C. : Combien de temps avez-vous passé sur place ?

P.P. : Une quinzaine de jours pour le tournage, et une dizaine de jours consacrés aux repérages. En tout, 20-25 jours dans chacun des pays pour rencontrer les protagonistes, et leur expliquer les objectifs du film.

 

C. : Quels sont-ils ces objectifs d'ailleurs ? On sent votre background d'enseignant dans l'approche pédagogique du film, c'est quelque chose que vous aviez déjà en tête dès le début du projet ?

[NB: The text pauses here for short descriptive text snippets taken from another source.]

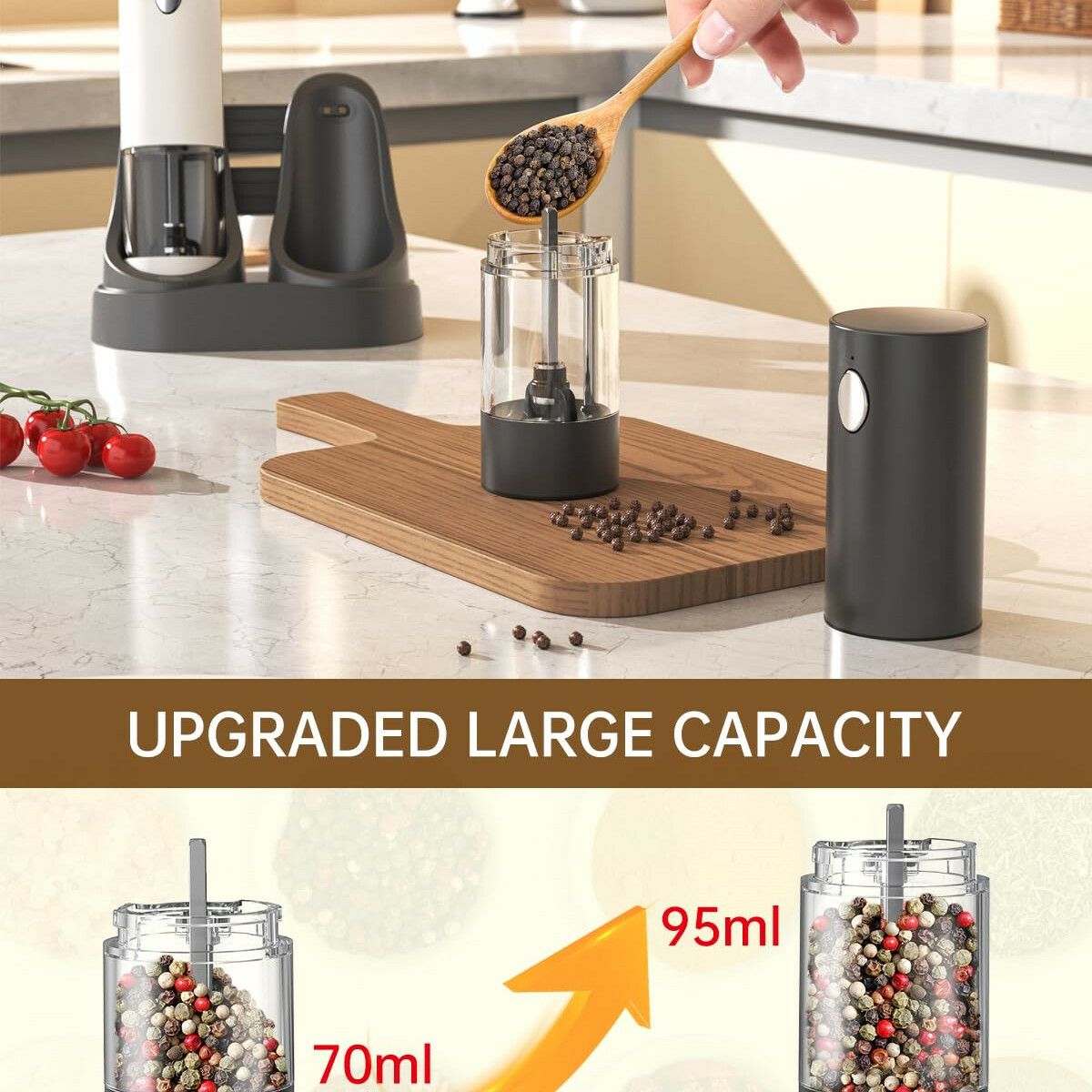 https://img.crazysales.com.au/products_pictures/354/354030_3134906_F.jpg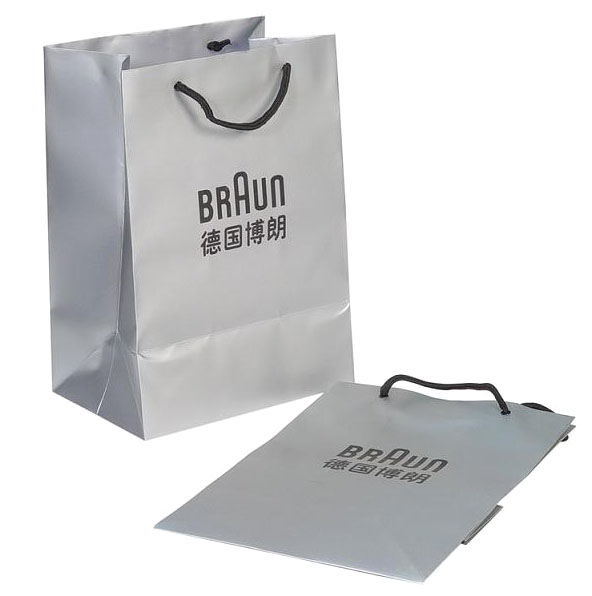  Packaging Bag ( Packaging Bag)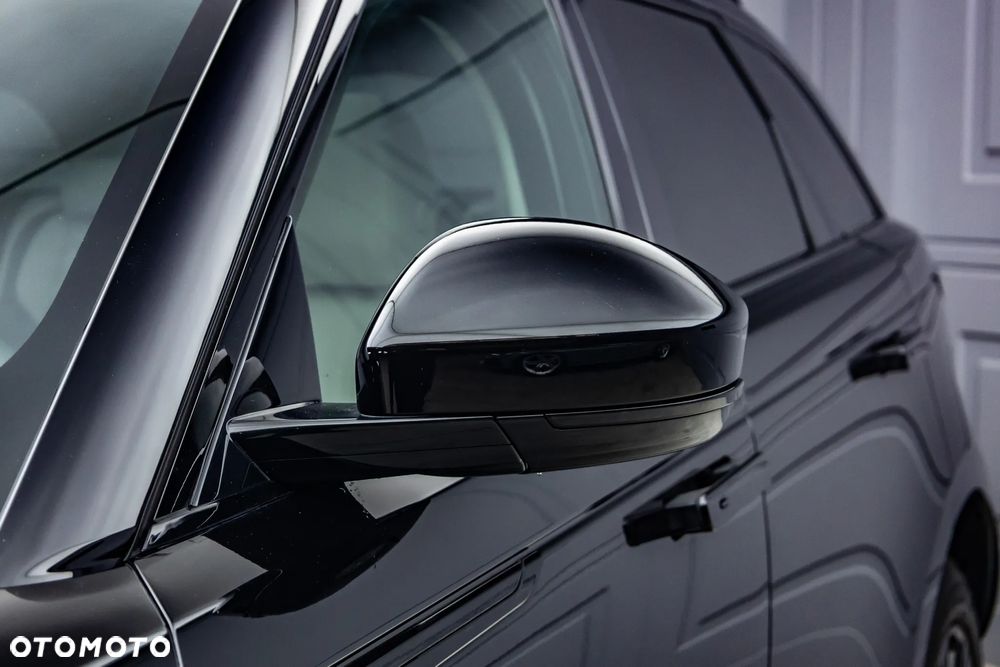 Land Rover Range Rover Velar - 9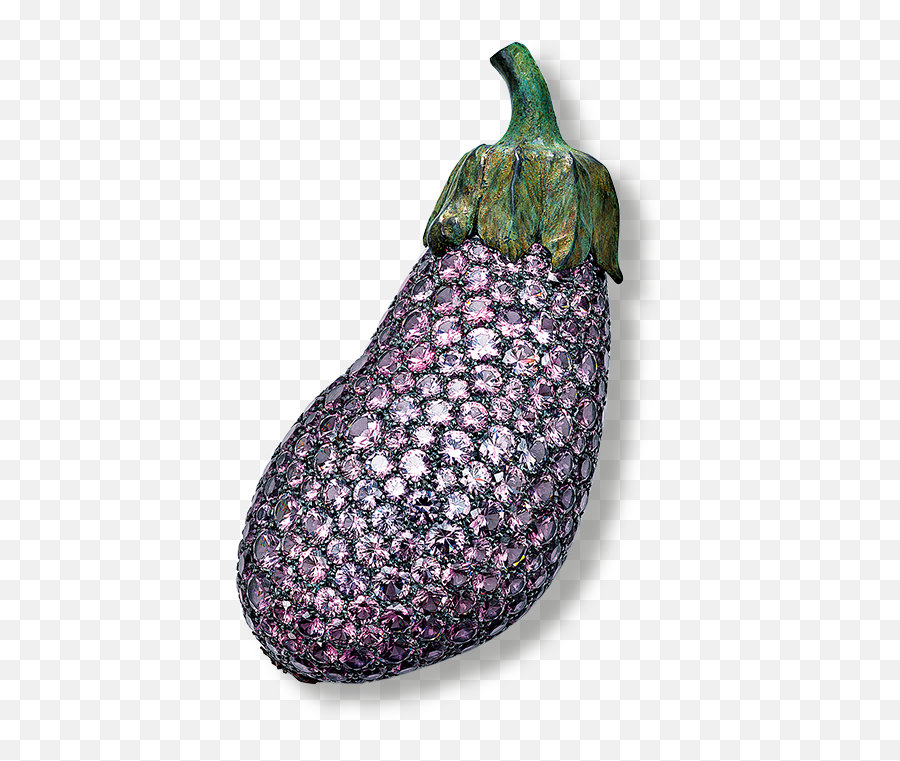 About Us Hemmerle - Beautiful Vegetables In World Emoji,What Does The Eggplant With The Horse After Stand For In Emojis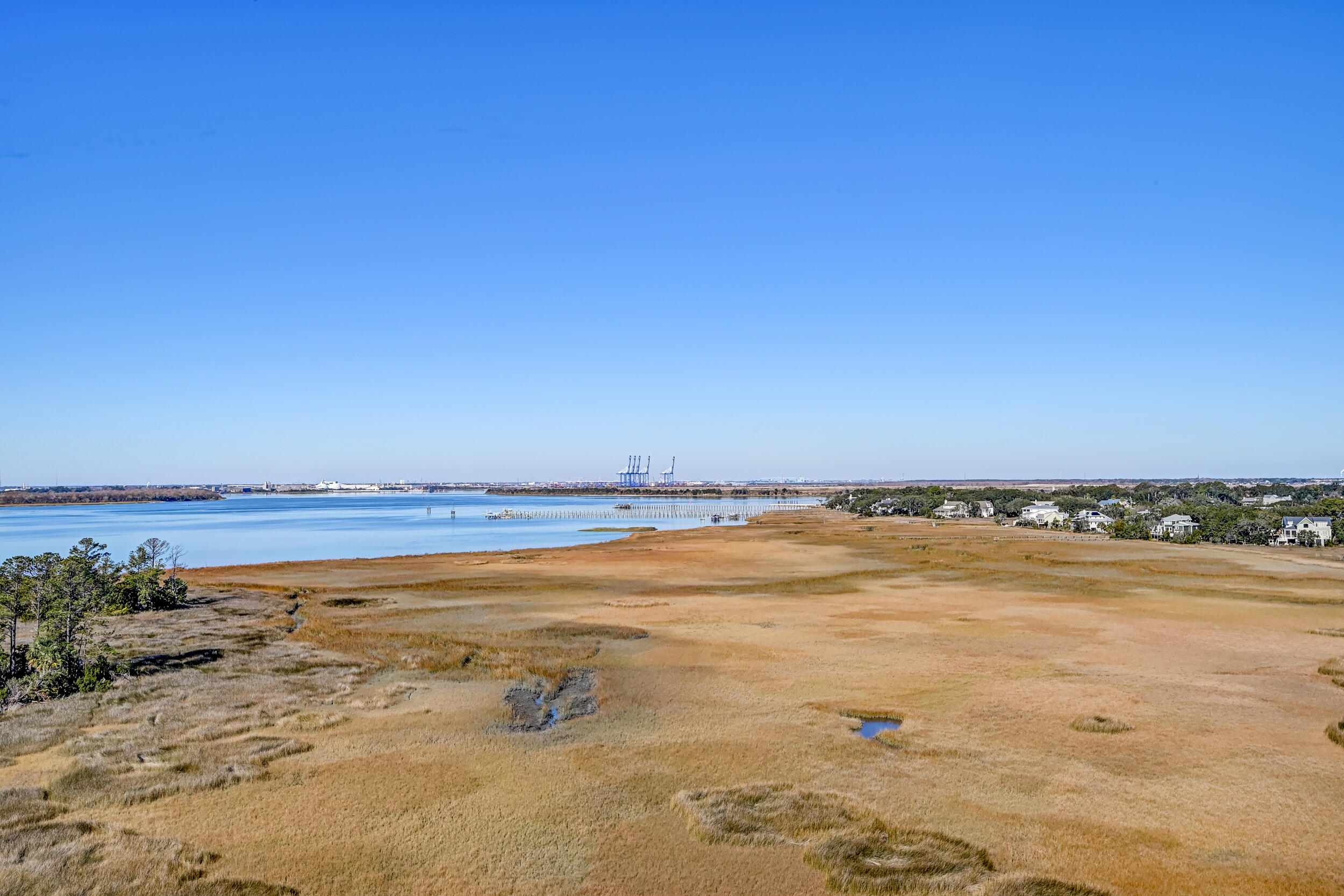 169 Cooper River Drive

P.P. : Oui et non. La collaboration avec le monteur Matthieu Piérart a été très importante en ce sens, c'est là que le film a à nouveau été construit, et ce côté pédagogique et séquentiel est venu au fur et à mesure de cette étape de la production. Je l'avais déjà en tête bien sûr, le projet allait déjà dans cette direction sur le papier, mais cela s'est vraiment confirmé lors du montage. Toutes ces étapes m'ont permis de mettre en ordre mes idées et comprendre encore mieux le passage de la phase d'écriture à la phase de réalisation puis à la phase de montage. Comment structurer le film, comment le chapitrer, pour amener le spectateur à découvrir comment moi-même j'ai vécu cette quête du faire-ensemble, comment les histoires m'ont amené à cette réflexion et à cette conclusion : en fait, c'est possible, et il faut très très peu de choses. Alors on pourrait croire qu'on tombe dans une certaine naïveté utopique, ce qui est probablement l'une des critiques qu'on fera au film, mais je l'assume. À partir du moment où l'on fait ce genre de film, je ne pense pas que l'on nie les problèmes existants - d'ailleurs le prologue y est consacré - mais je pense qu'il faut sortir de ces difficultés et montrer que cela peut fonctionner.

C. : Car votre but derrière ce film, c'est de susciter les émulations et de montrer un autre espoir ?

P.P. : Le vrai but du film, c'est de faire bouger les lignes. Si on arrive avec ce documentaire à faire ne serait-ce qu'un tout petit peu évoluer celles-ci, c'est déjà une réussite. Si le spectateur après avoir vu le film peut se poser la question : "qu'est-ce que je fais moi dans mon quotidien pour faire un pas vers l'autre?", s'il peut avoir ce début de réflexion, alors c'est déjà gagné.

 

C. : Ce qui est intéressant dans votre film, c'est que plutôt que de vous poser en tant qu'intervieweur, en tant que moteur du récit, vous mettez vos personnages au centre du documentaire, et vous vous mettez vous-même en retrait, souvent de dos. Un choix délibéré ?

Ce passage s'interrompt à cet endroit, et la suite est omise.